Range to repeat from the listing below: the line containing "Una sala de" down to the line containing "Vintage typewriter on pedes...", both included. Copy it exactly, pictures excluded, and add nothing else.

**DATA SECTION:**
»»

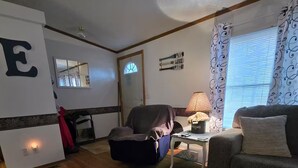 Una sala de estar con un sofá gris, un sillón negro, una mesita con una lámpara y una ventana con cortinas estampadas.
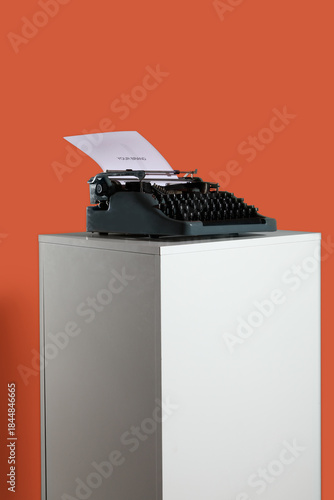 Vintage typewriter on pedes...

««
»»

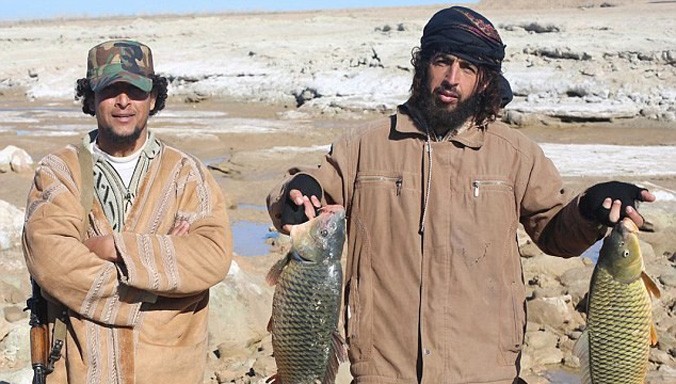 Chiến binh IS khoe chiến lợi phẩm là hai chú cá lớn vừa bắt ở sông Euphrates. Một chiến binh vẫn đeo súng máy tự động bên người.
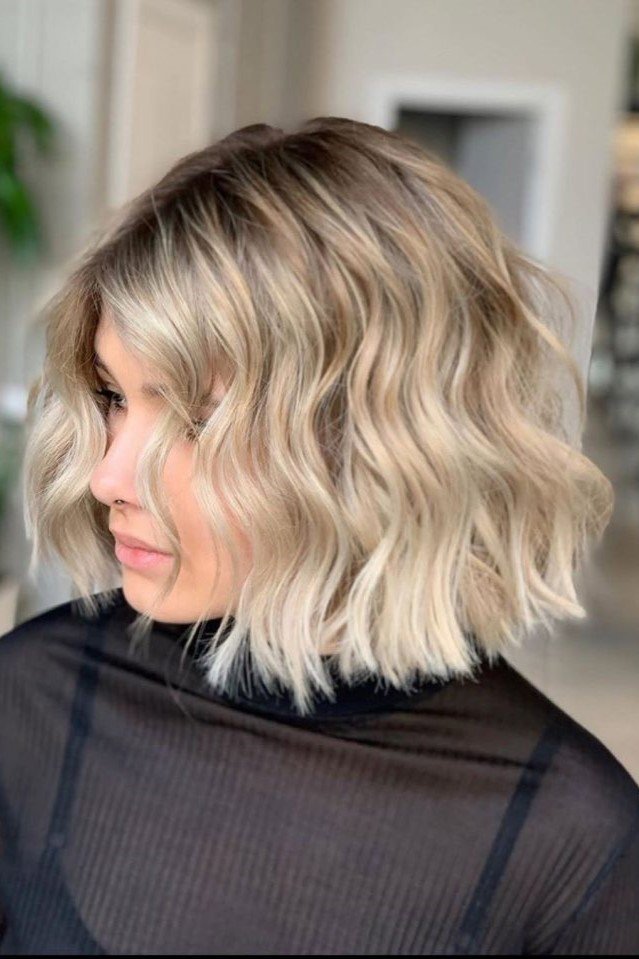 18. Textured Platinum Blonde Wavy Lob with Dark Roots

««

**ANSWER FOR THE TASK:**
 Una sala de estar con un sofá gris, un sillón negro, una mesita con una lámpara y una ventana con cortinas estampadas.
 Vintage typewriter on pedes...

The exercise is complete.